We have to call out this absurd assertion for four reasons.

Firstly, because there was no process that would have enabled any particular project to be assessed against any criteria. Nor for interested communities to put their evidence of local need to government on behalf of harried commuters, struggling to find a park and get to work.

Secondly, because we now know that the initial framework for selection was based on ‘the top twenty marginal seats’. Perhaps Mr Fletcher is talking about the electoral pendulum when he refers to evidence?

Thirdly, because it’s been revealed that the actual selection process involved spreadsheets and maps being passed between Minister Tudge’s office and the Prime Minister’s office – with the same PMO staffer who was connected to sports rorts also involved in this.

Fourthly, because the location of the sites chosen makes a nonsense of the claim. Does anyone actually believe that two-thirds of Australia’s park-and-ride needs are in Melbourne – and none of that is in the fast-growing and transit-poor Western Suburbs?

While this minister wasn’t directly responsible for the rorts he’s been forced to defend, it is concerning that he puts forward alternative facts rather than engaging with an audit report that demands a serious response.

In this year’s budget, the Morrison government set themselves up to rort all the way to the next election, with 21 new or topped-up slush funds totalling $4 billion. Not leaving it at that, they also set aside almost $10 billion for projects agreed to by Cabinet but not yet announced.

Liberal slush fund

Paving the way for more of the same, using public money as a Liberal Party slush fund, without process, principle or accountability.
Or shame, for that matter.

Because the Morrison government couldn’t find the money in that budget for the integrity commission they promised heading into the last election.

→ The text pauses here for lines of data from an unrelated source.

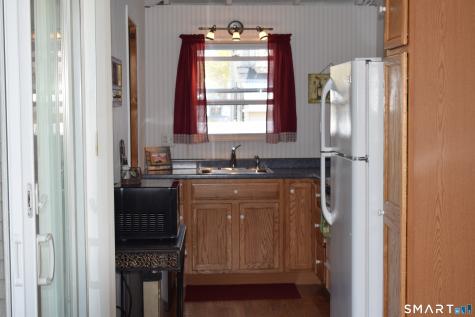 10 Hartford Avenue Old Lyme CT 06371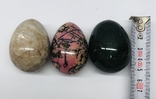 Яйця з каменю в шкатулці., фото №3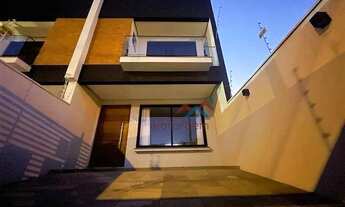 Imagem 2: Sobrado com 3 dormitórios à venda, 122m² por R$ 690.000,00 - Mont´Serrat - Canoas/RS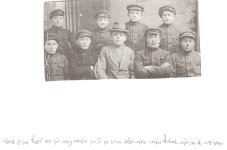 שמולאביץ רח ותלמידיו.jpg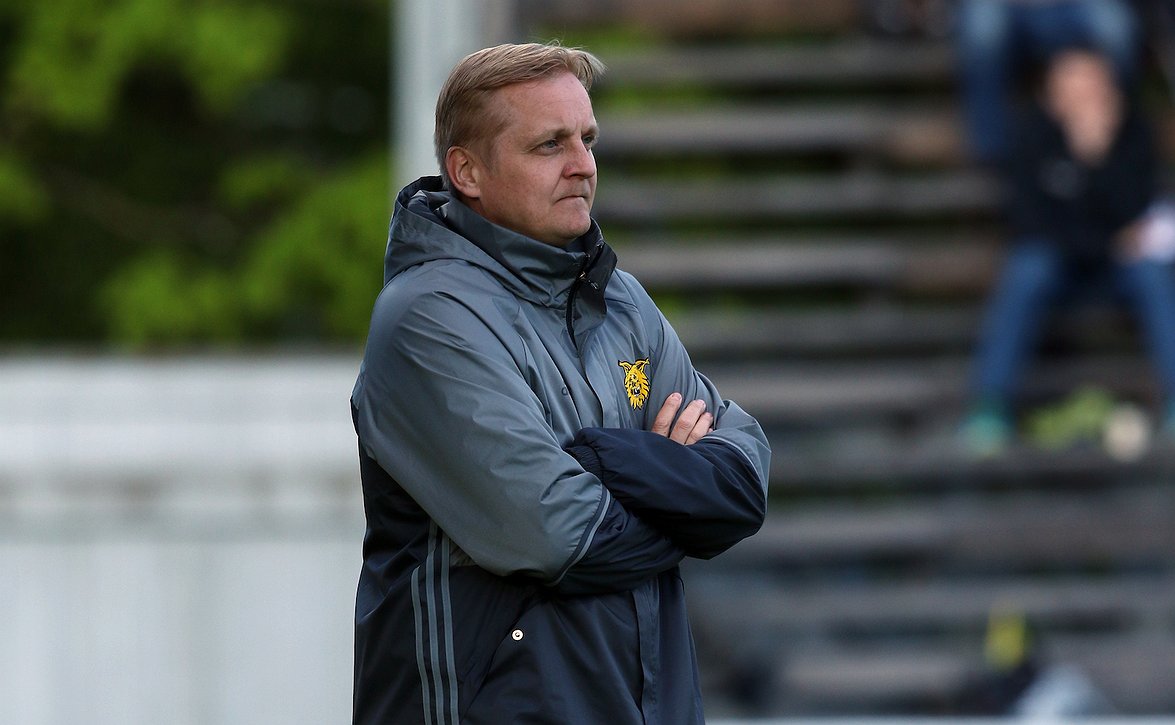 ​Ilves palasi harjoituskentälle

When we so desperately need a national anti-corruption body. To restore some sense of trust in our political institutions, and to give good policy-making an even chance.

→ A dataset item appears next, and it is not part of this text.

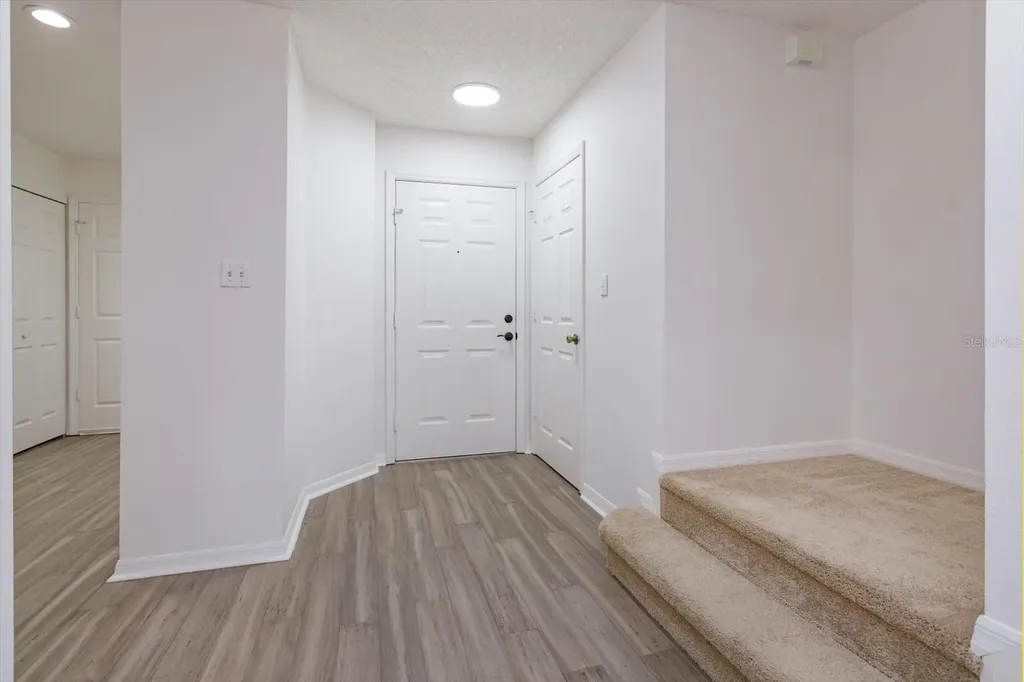 671 Post Oak Circle Altamonte Springs FL 32701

On the same day as the Audit Office report was delivered, the Treasurer solemnly spoke to the Intergenerational Report and the long-term challenges it presents to Australia’s government.

As if in a parallel universe, he pretended away the contribution of his government to the state that we’re in, and pretended that they are serious about anything other than the politics of the moment.

That he hadn’t been up to his neck in car park rorts, and hadn’t filled his budget only weeks earlier with funds equally capable of misuse.

The fact is, that we won’t secure our living standards without doing something to lift our flagging productivity – this must include productive infrastructure investment, based on real evidence, not endless pork barrelling.

Like a train station car park without a train station, this is a road to nowhere.

The Morrison government has to get off it.